Monitoring weather and climate from space

Orbits

EUMETSAT’s satellites fly in two different types of orbit. The Meteosat satellites fly in a geostationary orbit (GEO), while the polar orbiting Metop satellites fly in a sun-synchronous low Earth orbit (LEO).

A geostationary satellite is positioned above the Equator and orbits the Earth at the same rotation speed as the Earth itself, making it appear stationary from the point of view of an observer on the Earth’s surface. It flies very high above the surface of the Earth, and thus is able to capture the whole Earth disc at once.

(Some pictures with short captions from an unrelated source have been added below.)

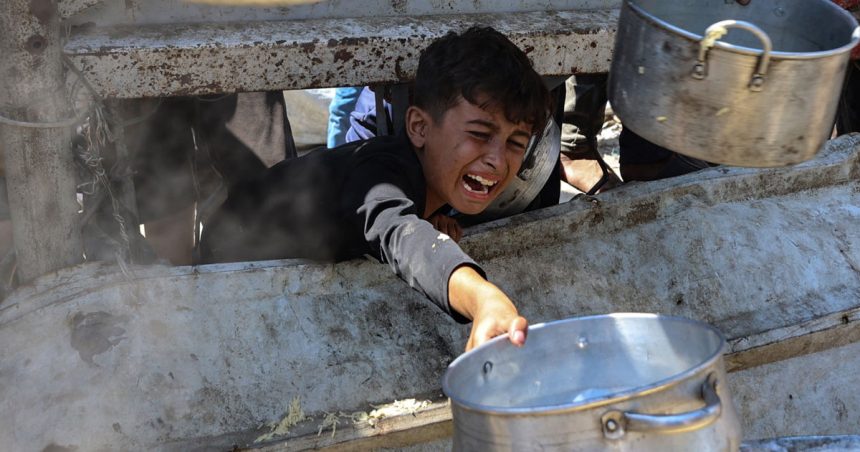 Gaza, Soudan, Afghanistan | La famine comme arme de guerre
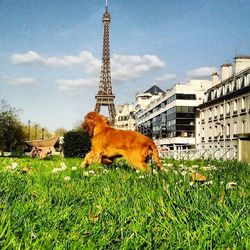 Dog looking at lawn in front of building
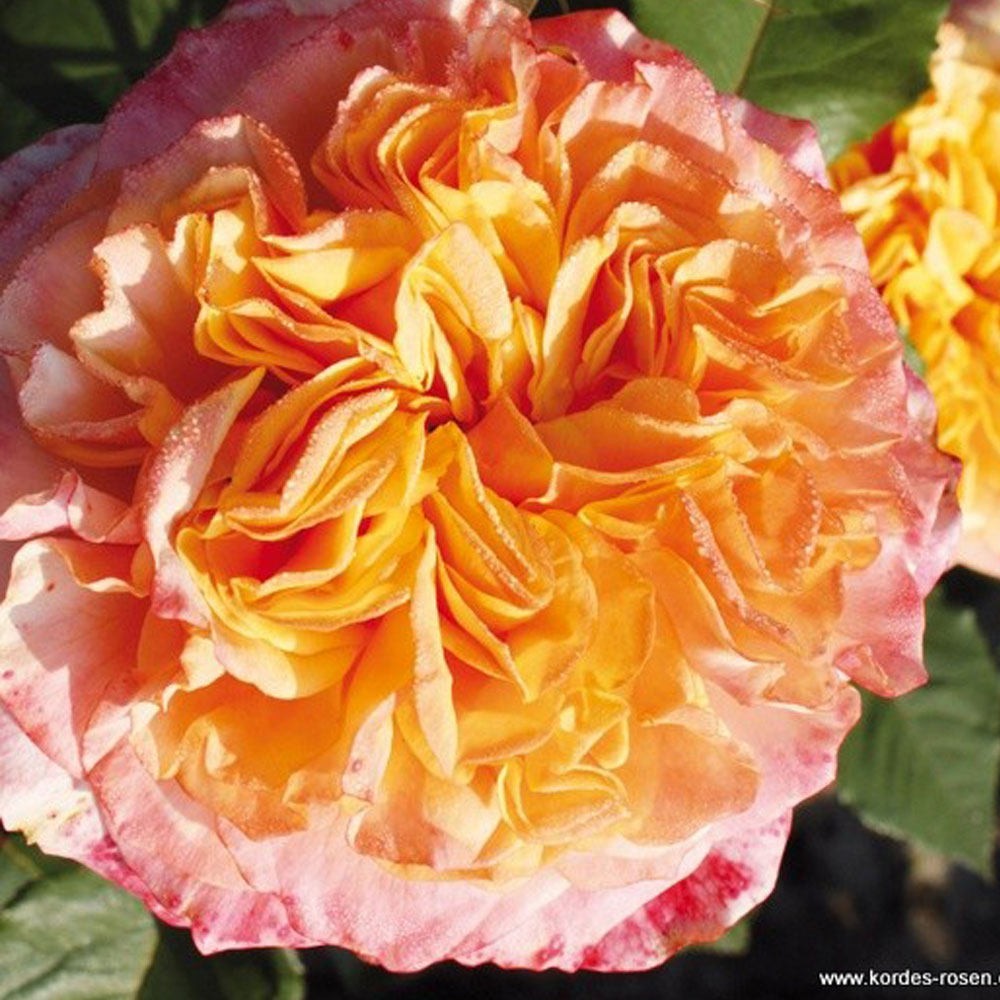 Crazy Love Rose 1.5 Gal Pot, Non-Stop Fragrant Orange Apricot Flowers, Own Root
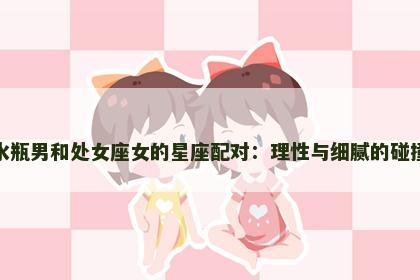水瓶男和处女座女的星座配对：理性与细腻的碰撞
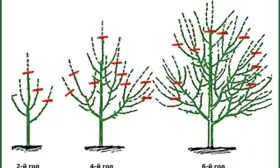 Формирование кроны и обрезка Яблоня Жигулёвское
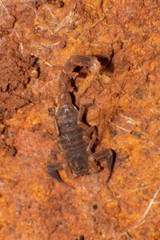 Pseudolychas ochraceus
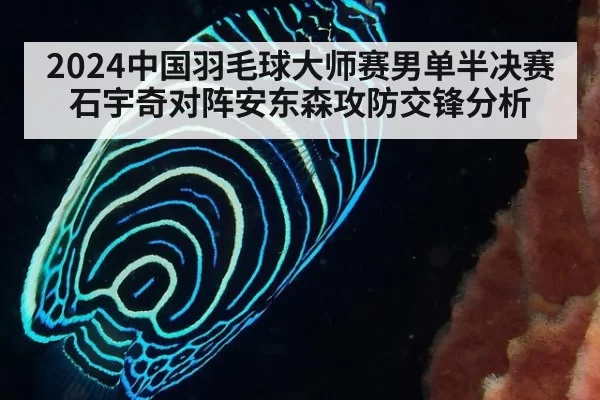2024中国羽毛球大师赛男单半决赛石宇奇对阵安东森攻防交锋分析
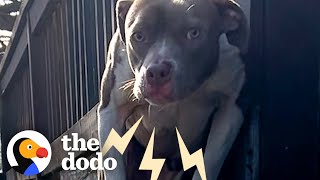Frost-Bitten Pittie Was So Scared When People Found Him | The Dodo Pittie Nation by The Dodo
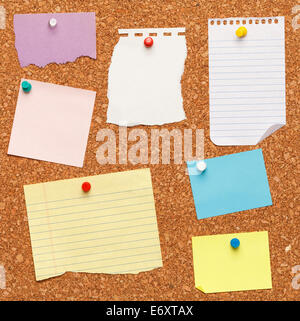 Different papers tacked on cork board. Stock Photo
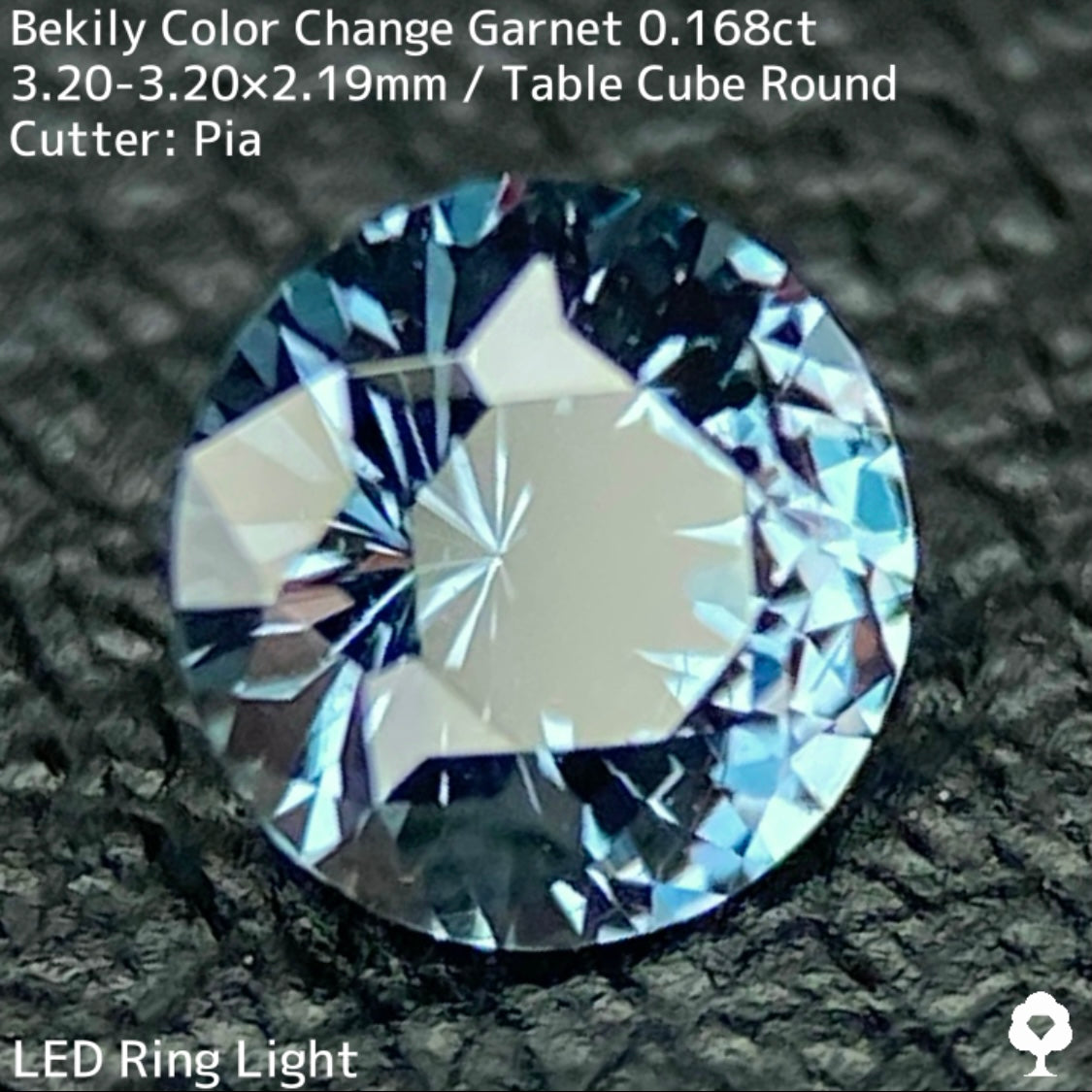 Color Change Garnet 0.168ct / Bekily(Madagascar)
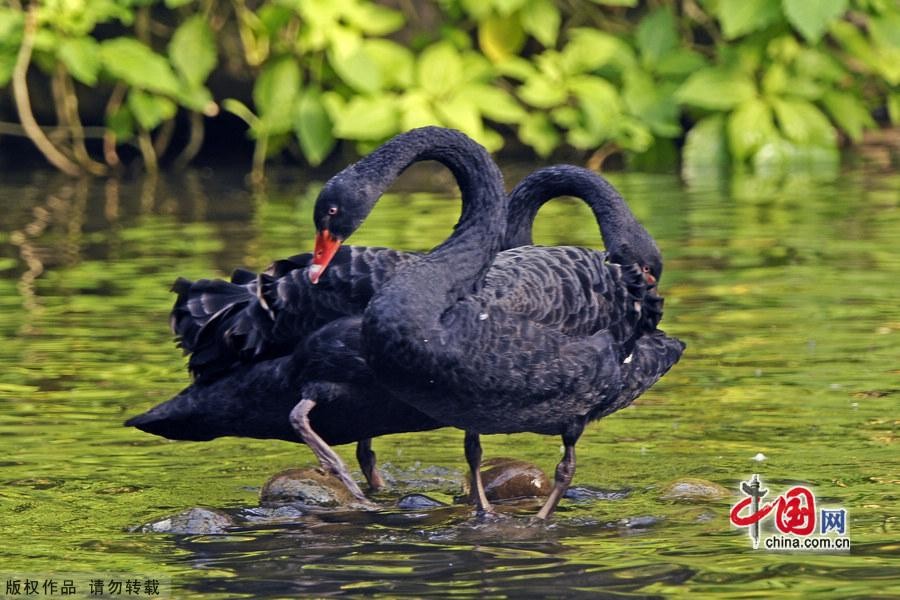 Сладкая любовь черных лебедей14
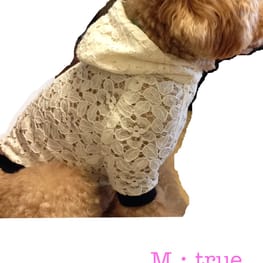 サニタリー・マナーパンツ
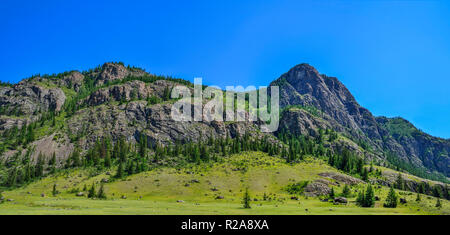 Bellissima vista panoramica soleggiata paesaggio estivo nelle montagne di Altai, Russia. Firs scarsamente cresce sui pendii delle montagne, rocce e grossi massi su gre Foto Stock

A polar orbiting satellite circles the Earth at a near-polar inclination, meaning that it always passes almost exactly above the poles. The satellite passes the equator and each latitude at the same local solar time each day, meaning the satellite passes overhead at essentially the same solar time throughout all seasons of the year. The low Earth orbit is much closer to Earth than a geostationary orbit, and thus can see a smaller part of the Earth below than a geostationary satellite, but in finer detail.

The two types of weather satellite, polar and geostationary, should be seen as complementary. Each type has advantages and disadvantages, and an ideal observing system combines both elements.

Geostationary Orbit Advantages:

  • Satellite permanently visible from all points within a large coverage area (about a third of Earth's surface). Allows sampling as often as technically possible (every few minutes at best), enabling monitoring of rapidly-evolving events.
  • Only one ground station needed for satellite monitoring.


Geostationary Orbit Disadvantages:

  • Polar regions are not observed.
  • Low ground spatial resolution. The high orbit imposes a limit of about 1 km at best with current instrument technology.


Polar Orbit Advantages:

  • Global coverage.
  • Good ground resolution because of low orbit.
  • Sun-synchronism produces consistent illumination conditions for observed surfaces, with only seasonal changes.
  • A solar energy supply is ensured by sun-synchronism, although the supply changes around the orbit.


Polar Orbit Disadvantages:

  • Continuous observation of every point by one satellite is not possible. Each point on Earth's surface is observed at best every orbit (100 minutes) for polar regions, at worst twice per day for equatorial regions. Multi-satellite systems solve this problem.
  • Continuous satellite monitoring would require several ground stations.